*** Material for the task Section Begins ***
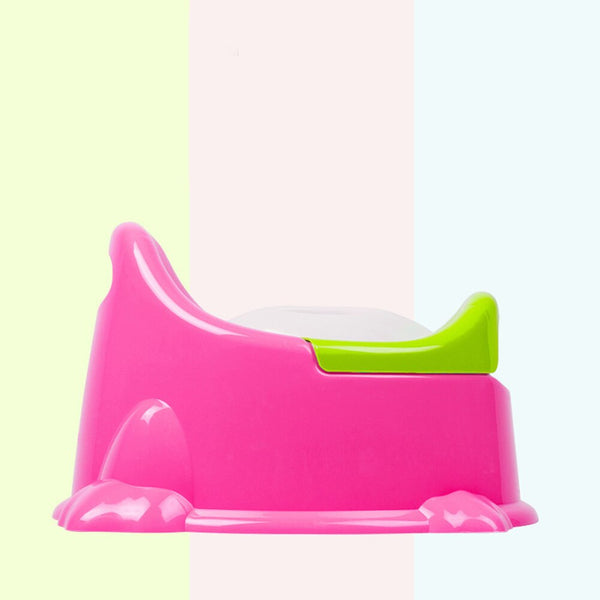 [variant_title] - Kids Baby Child's Potty Training Music Toddler Toilet Urinate Seat Basin Baby Toilet Training for 6 Month to 6 Years Old Kids~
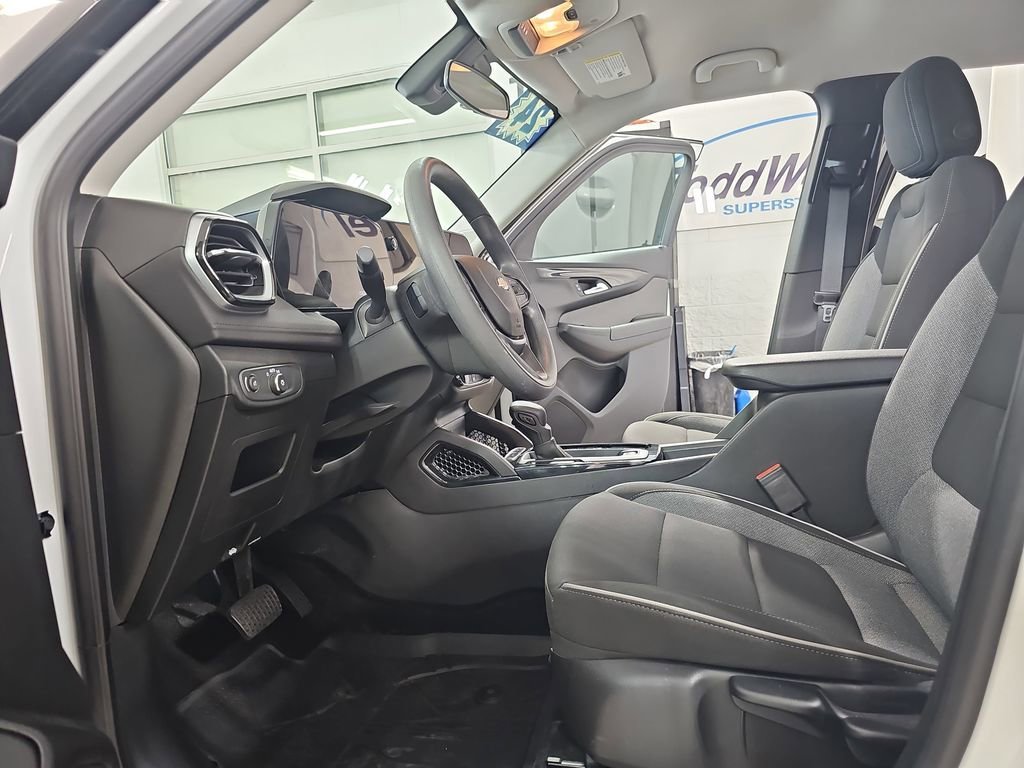 Certified Used 2024 Summit White Chevrolet LS image 18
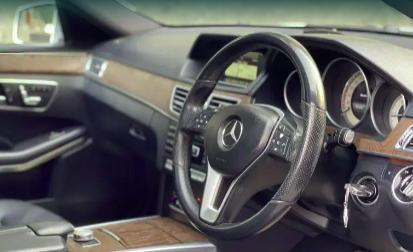 Mercedes-Benz E-Class E 250 CDI 2015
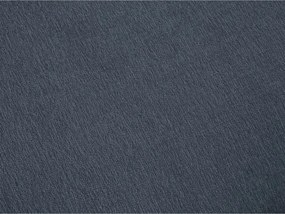 Ciemnoniebieska sofa do spania/rozkładana 220 cm Cocoone – Bobochic Paris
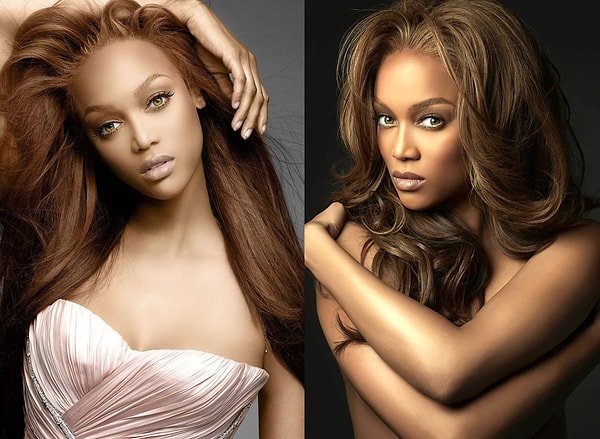 9. Тайра Бэнкс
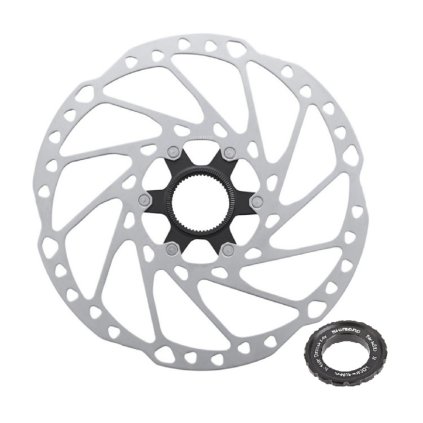 Brzdový kotúč Shimano SM-RT64 180mm Center Lock (vonk. uťahov.)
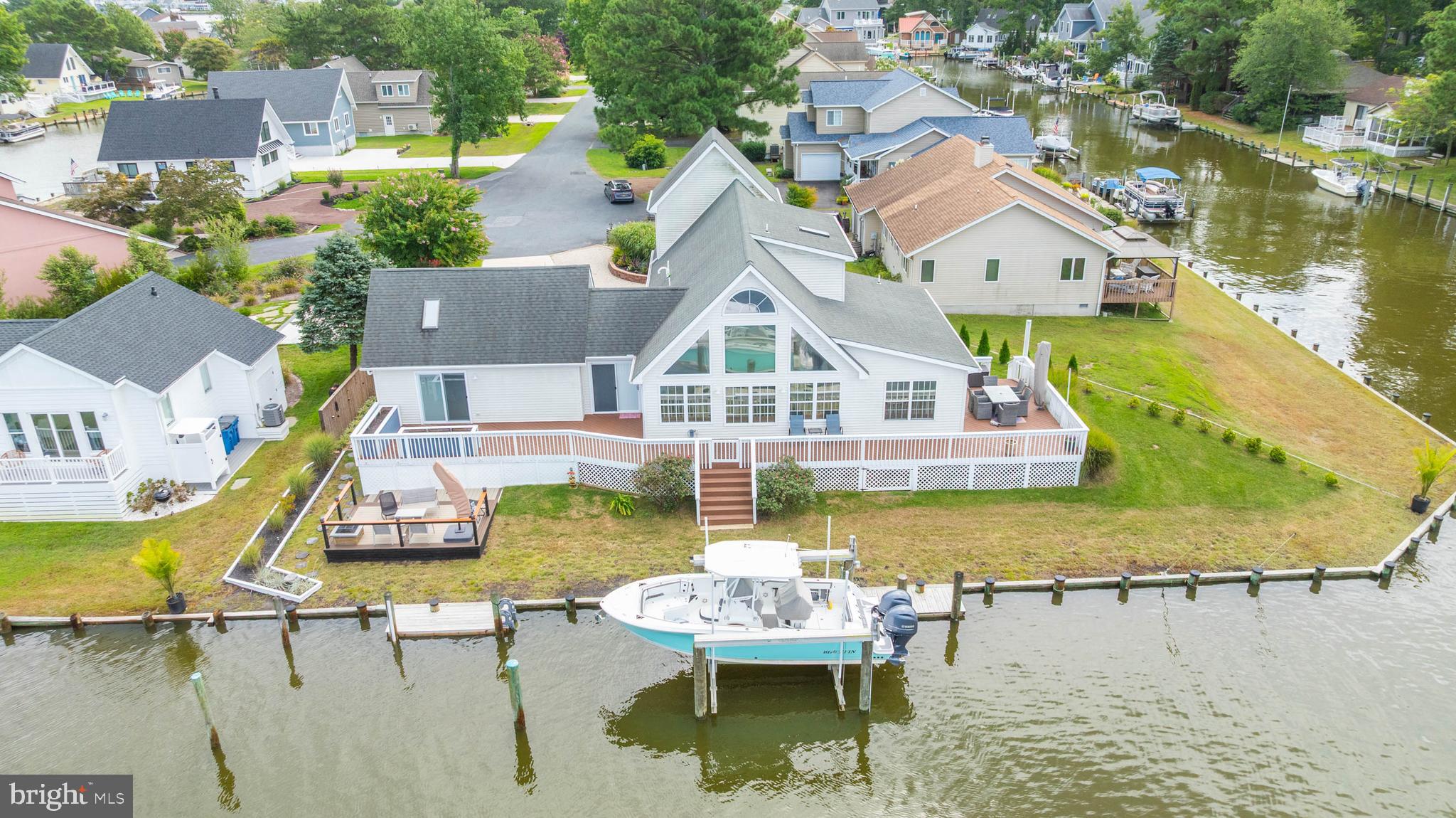 OCEAN PINES - NEWPORT - Residential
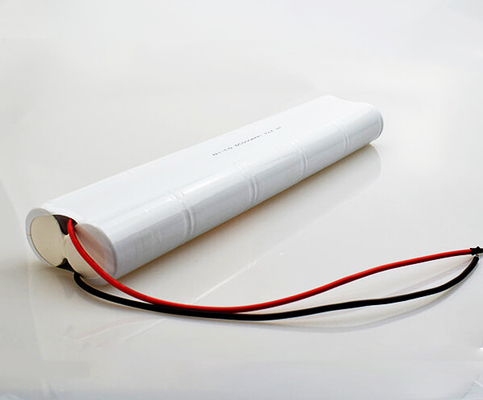 De navulbare Batterij D5000mAh 12V van CD van Noodsituatie Lichte Ni snakt Levensduur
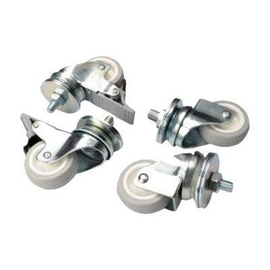 DIGITUS Feststellbare Laufrollen für Standard Wandgehäuse Unique Produktbild
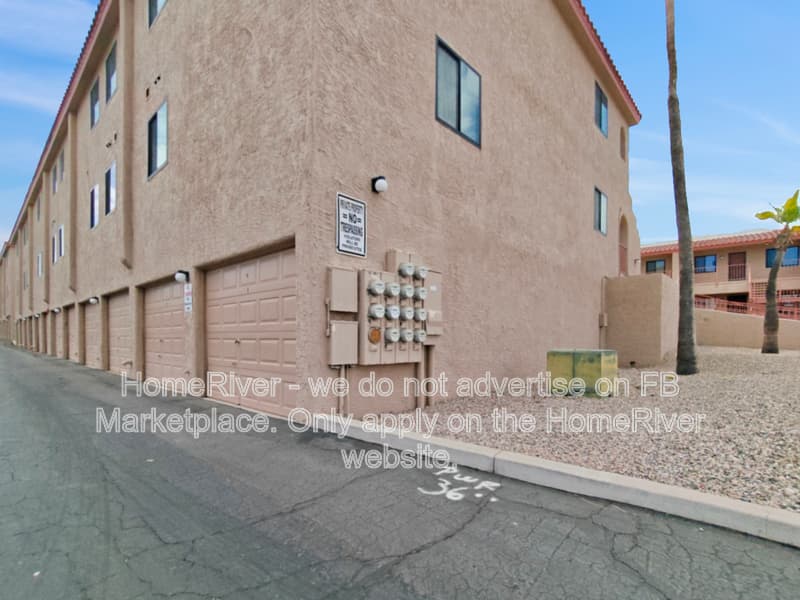 Lake Havasu City Condo: 1957 Mesquite Ave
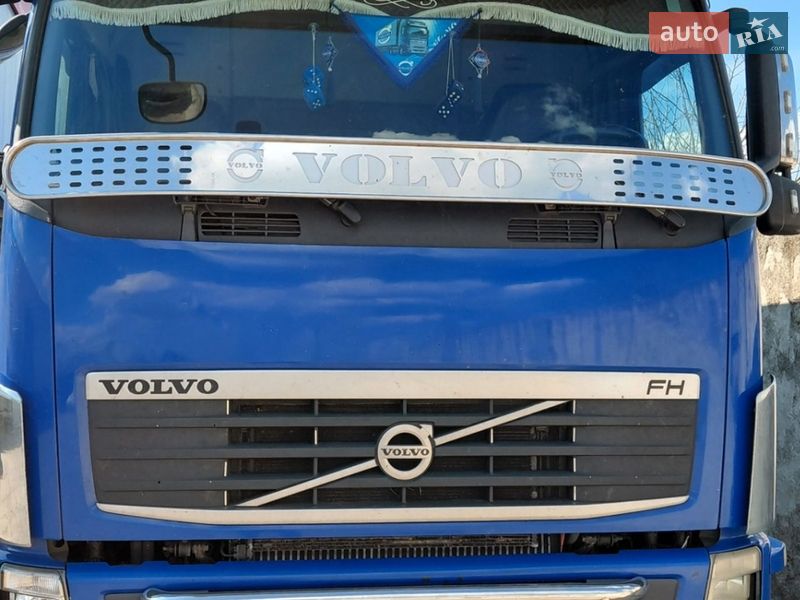 Зерновоз Volvo FH 13 2012 в Татарбунарах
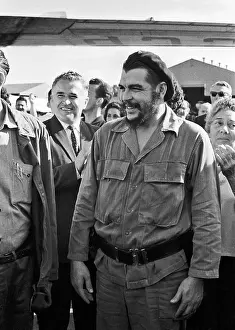 Guevara: Revolutionary Ernesto Che Guevara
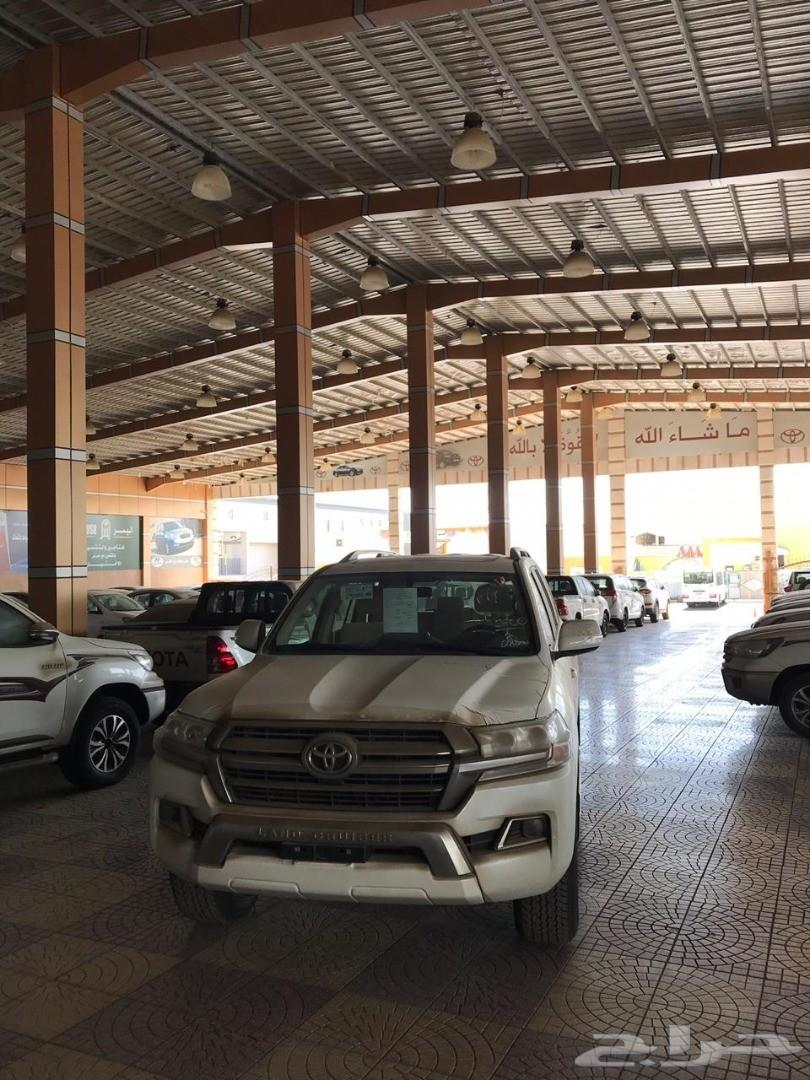 تويوتا لاندكروزر Gx-R v6 2019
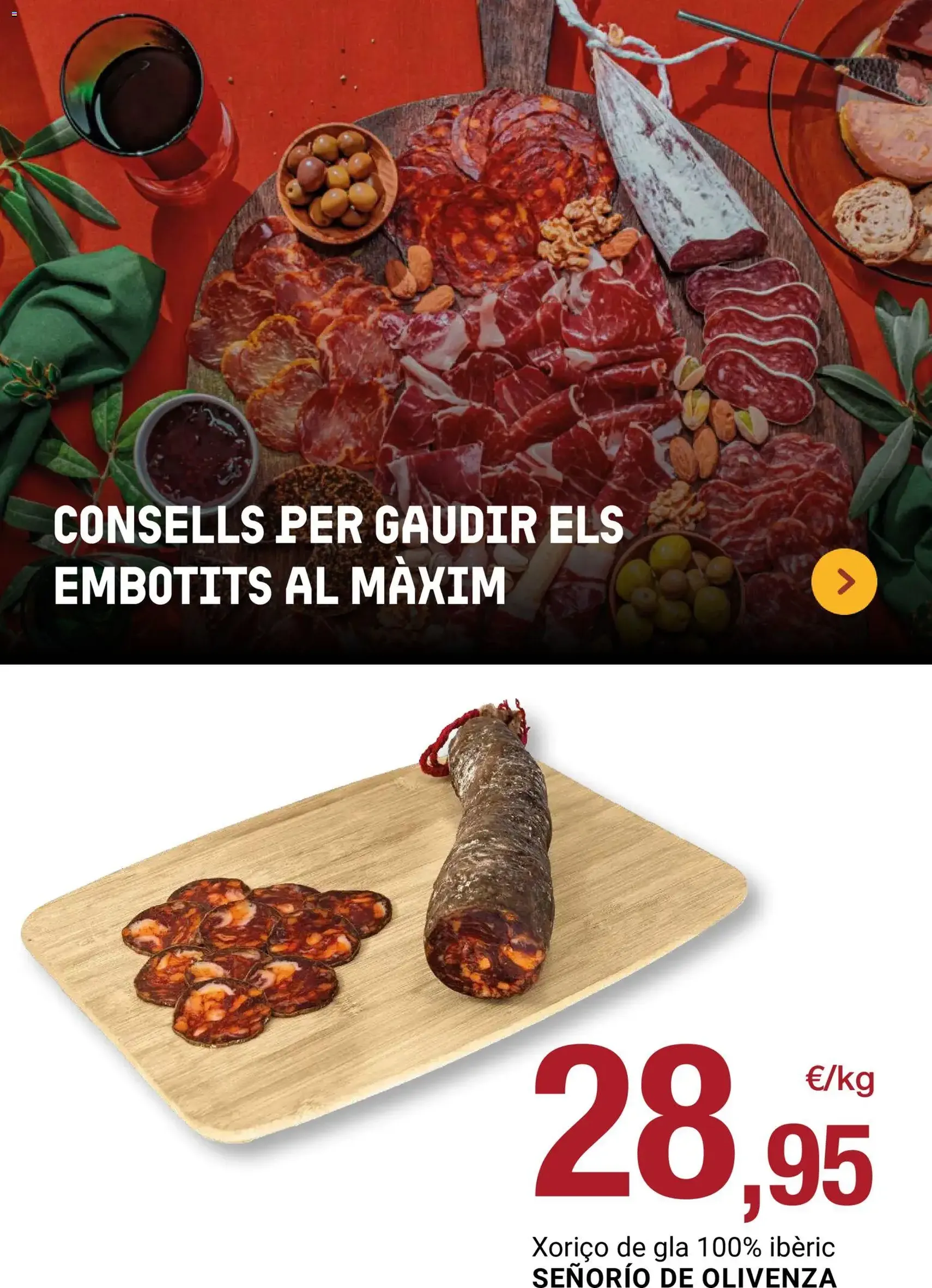 Bonpreu folleto - folleto válido desde 16/12/2025 página 50 de 106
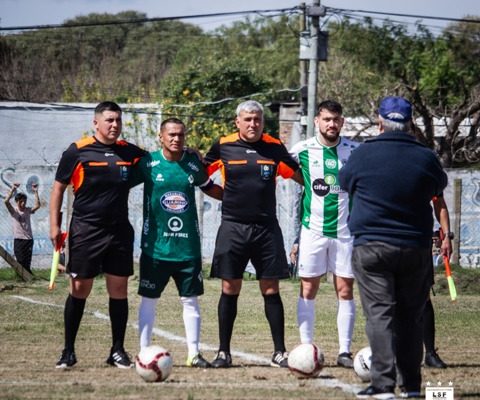 Culminó la primera rueda y quedaron definidas las series para la segunda rueda de la Divisional “A”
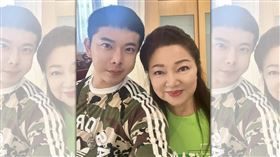 藝人白冰冰的前經紀人好友陳孝志自爆家醜，指控親姊不讓他探視母親長達數月。（陳孝志提供）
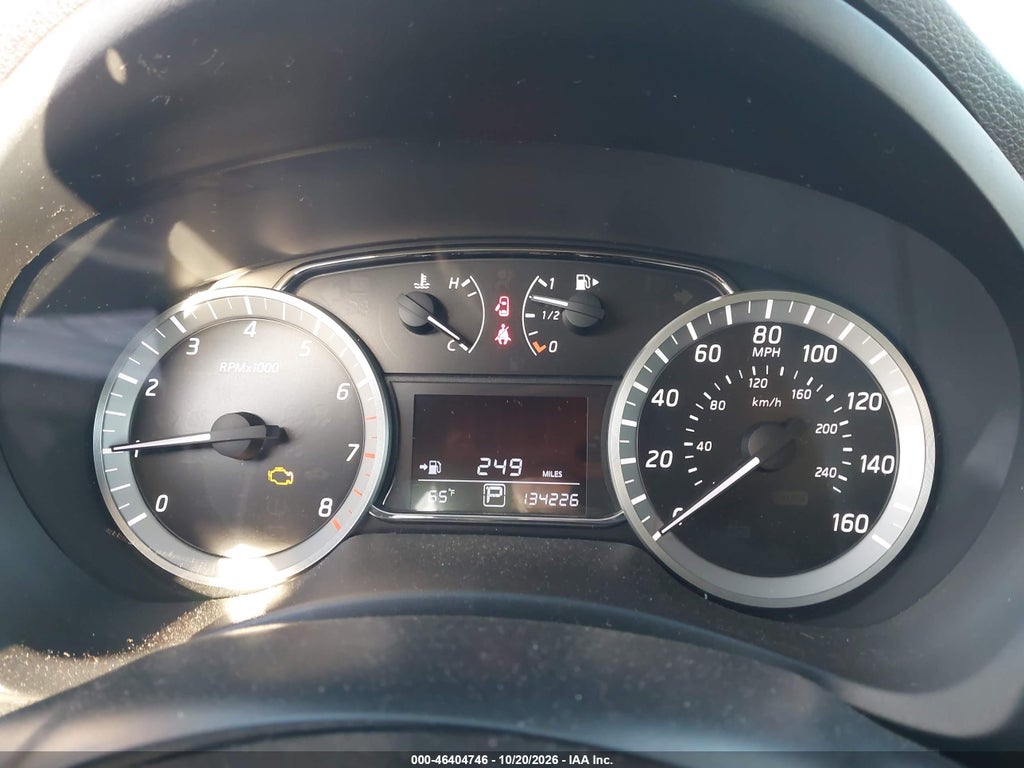 2014 Nissan Sentra SV photo 7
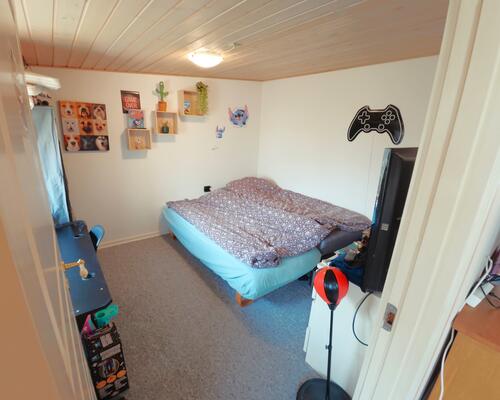 3 værelses lejlighed i Bækmarksbro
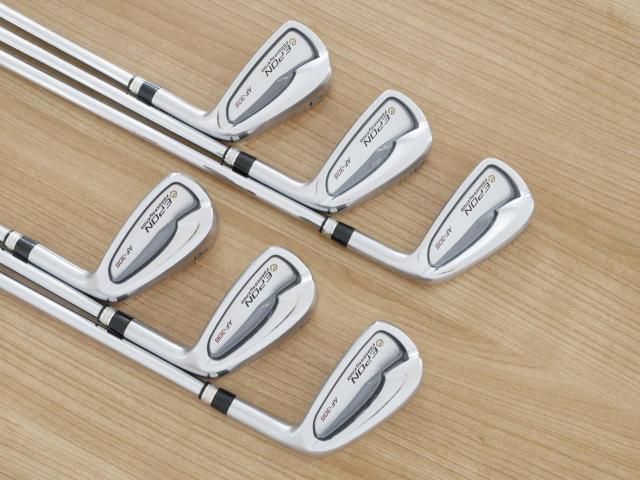 Iron set : Epon : ชุดเหล็ก EPON AF-306 Forged (รุ่นปี 2023) มีเหล็ก 5-Pw (6 ชิ้น) ก้านเหล็ก Shimada K'S-8001 Flex S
*** Material for the task Section Ends ***
§ Exercise directions: Please transcribe every entry above exactly, leaving out any pictures.

§ Task solution:
 [variant_title] - Kids Baby Child's Potty Training Music Toddler Toilet Urinate Seat Basin Baby Toilet Training for 6 Month to 6 Years Old Kids~
 Certified Used 2024 Summit White Chevrolet LS image 18
 Mercedes-Benz E-Class E 250 CDI 2015
 Ciemnoniebieska sofa do spania/rozkładana 220 cm Cocoone – Bobochic Paris
 9. Тайра Бэнкс
 Brzdový kotúč Shimano SM-RT64 180mm Center Lock (vonk. uťahov.)
 OCEAN PINES - NEWPORT - Residential
 De navulbare Batterij D5000mAh 12V van CD van Noodsituatie Lichte Ni snakt Levensduur
 DIGITUS Feststellbare Laufrollen für Standard Wandgehäuse Unique Produktbild
 Lake Havasu City Condo: 1957 Mesquite Ave
 Зерновоз Volvo FH 13 2012 в Татарбунарах
 Guevara: Revolutionary Ernesto Che Guevara
 تويوتا لاندكروزر Gx-R v6 2019
 Bonpreu folleto - folleto válido desde 16/12/2025 página 50 de 106
 Culminó la primera rueda y quedaron definidas las series para la segunda rueda de la Divisional “A”
 藝人白冰冰的前經紀人好友陳孝志自爆家醜，指控親姊不讓他探視母親長達數月。（陳孝志提供）
 2014 Nissan Sentra SV photo 7
 3 værelses lejlighed i Bækmarksbro
 Iron set : Epon : ชุดเหล็ก EPON AF-306 Forged (รุ่นปี 2023) มีเหล็ก 5-Pw (6 ชิ้น) ก้านเหล็ก Shimada K'S-8001 Flex S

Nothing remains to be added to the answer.